Regional mall real estate investment trust GGP Inc. disclosed certain no-shop and termination fee provisions in its merger deal with Goldfinch Merger Sub Corp., a unit of Brookfield Property Partners LP.
Under the no-shop provision, GGP may not solicit any transaction that would lead to an acquisition of more than 20% of the company or its assets. Prior to shareholder approval of the deal, however, GGP's special board committee may consider any unsolicited, bona fide proposal that it deems to be superior to the merger deal. The superior proposal is deemed to be a proposal for an acquisition of at least 50% of the REIT or its assets.
The deal also provides GGP with the right to terminate the deal under certain conditions, whereupon GGP would be required to pay Brookfield Property or its affiliate a $400 million cash termination fee. The termination rights apply if GGP enters into a definitive deal regarding the superior proposal, if the company's board or special committee changes its recommendations, if the required shareholder approval is not obtained, if the deal is not consummated by Sept. 26 and if GGP materially breaches certain of the merger deal's covenants.

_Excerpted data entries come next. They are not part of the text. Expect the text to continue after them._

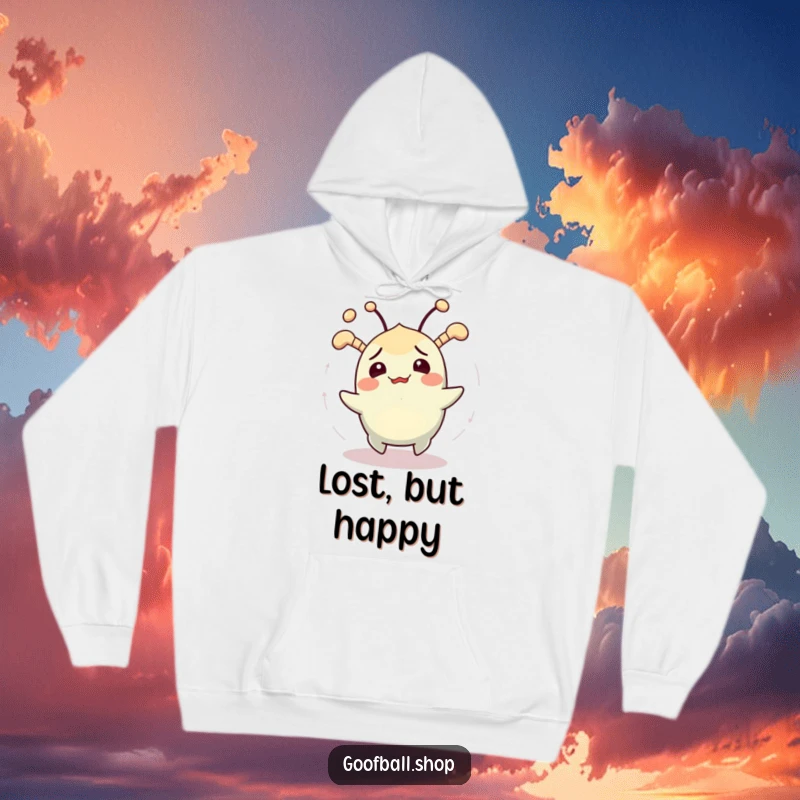 Funny hoodie showing a cheerfully confused creature with jiggling antennae spinning in circles, perfect for cozy, humorous relaxation.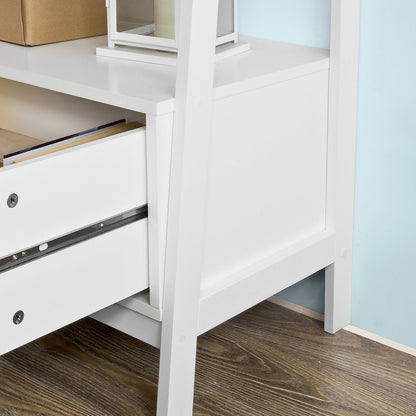 Bibliothèque de rangement blanche SoBuy avec tiroir et étagères, FRG116-W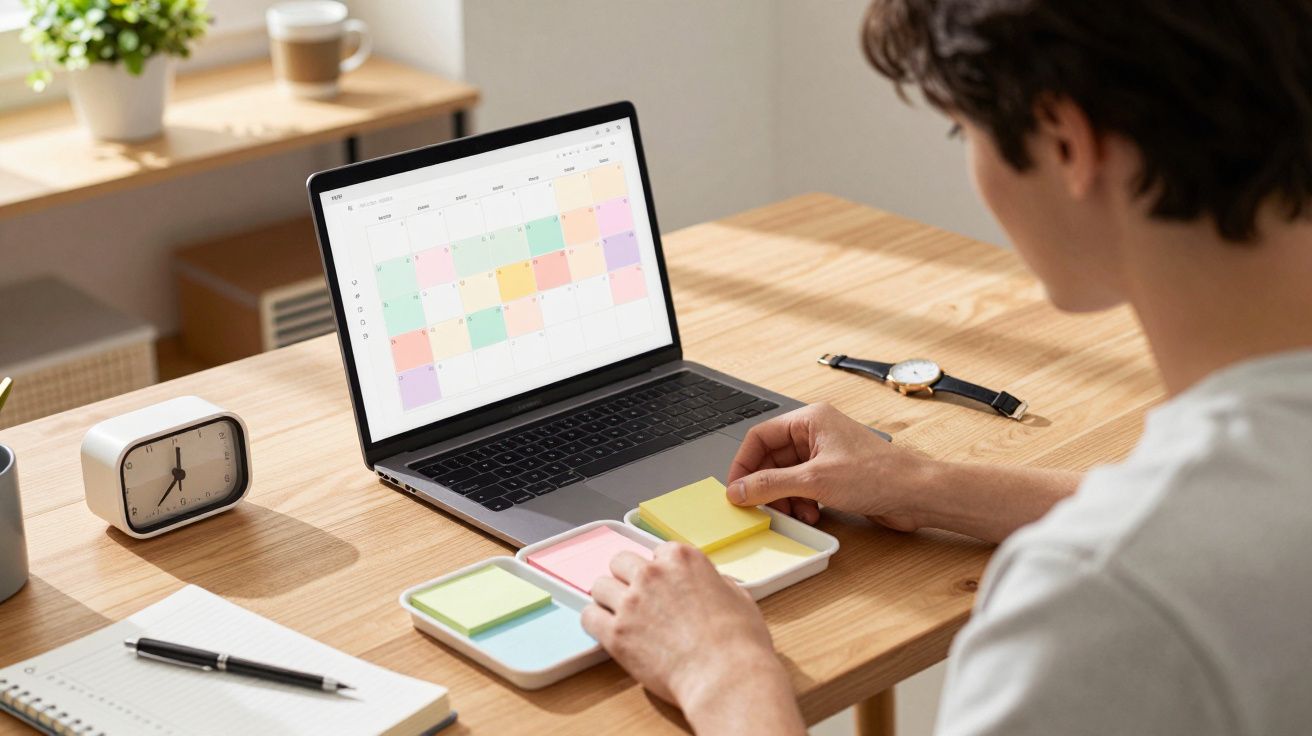 Pessoa a organizar notas adesivas junto a computador portátil com calendário numa secretária de madeira.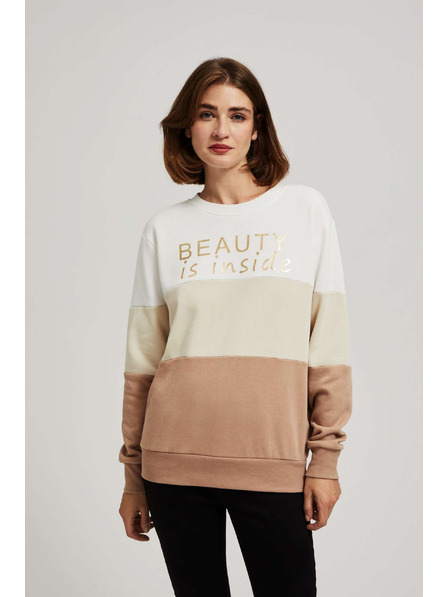 Moodo Пуловер с принт в тъмно бежово Moodo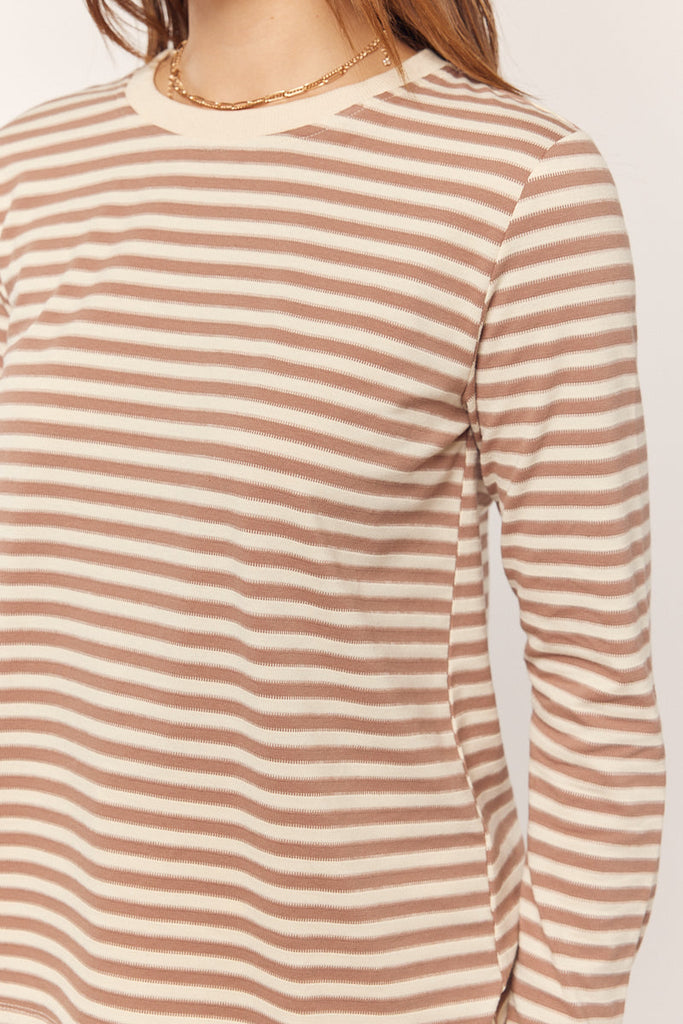 The Lindy Stripe Knit Top in Cocoa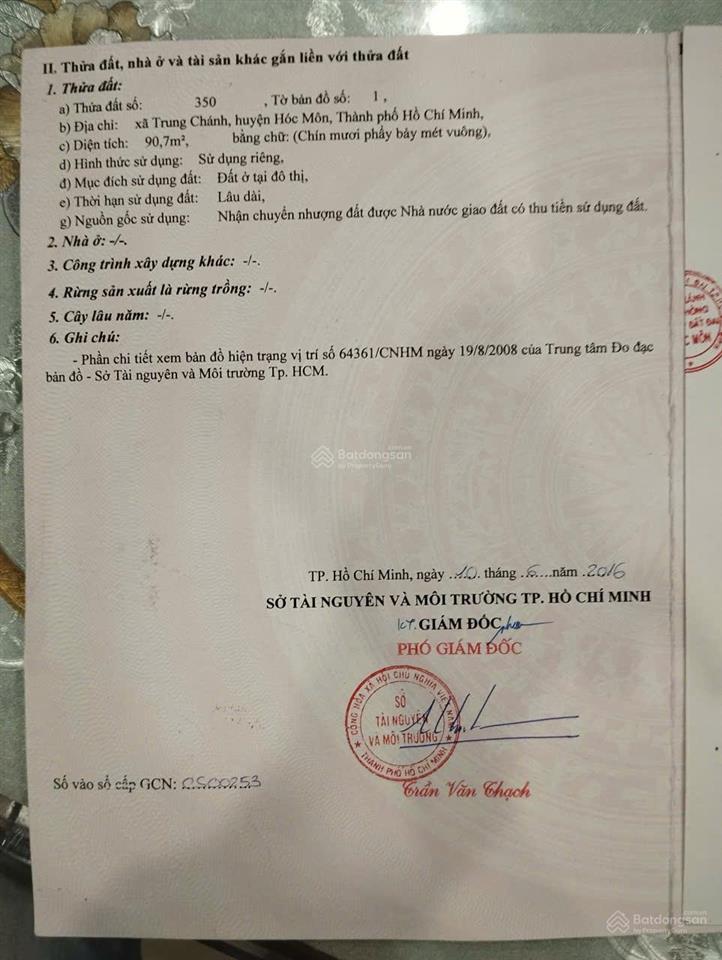 Bán 90m đất 5m x 18m sổ hồng riêng 1/tô ký, nguyễn ảnh thủ trung chánh, hóc môn, gần chợ ngã ba bầu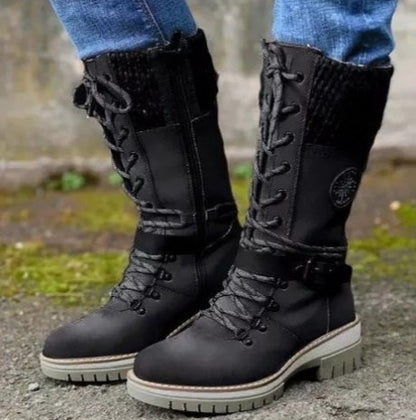 Bottes Martin d’Hiver à Talons Carrés Hauts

Accordingly, Brookfield Property may terminate the deal and pay GGP a reverse cash termination fee of $1.2 billion if it or Goldfinch fails to consummate the deal when required and if the parent unit holder consent is not obtained. GGP, however, may elect to reject such fee and preserve its rights to pursue other remedies in conjunction with the merger deal.
Brookfield Property recently agreed to buy out all outstanding common shares it and its affiliates do not already own in GGP. Under the terms of the deal, Goldfinch will merge with GGP, with the latter as the surviving entity. GGP shareholders may opt to receive $23.50 per share in cash, or one Brookfield Property unit or one share of a new BPY U.S. REIT security for each GGP common share they own, subject to proration, based on total cash consideration of $9.25 billion.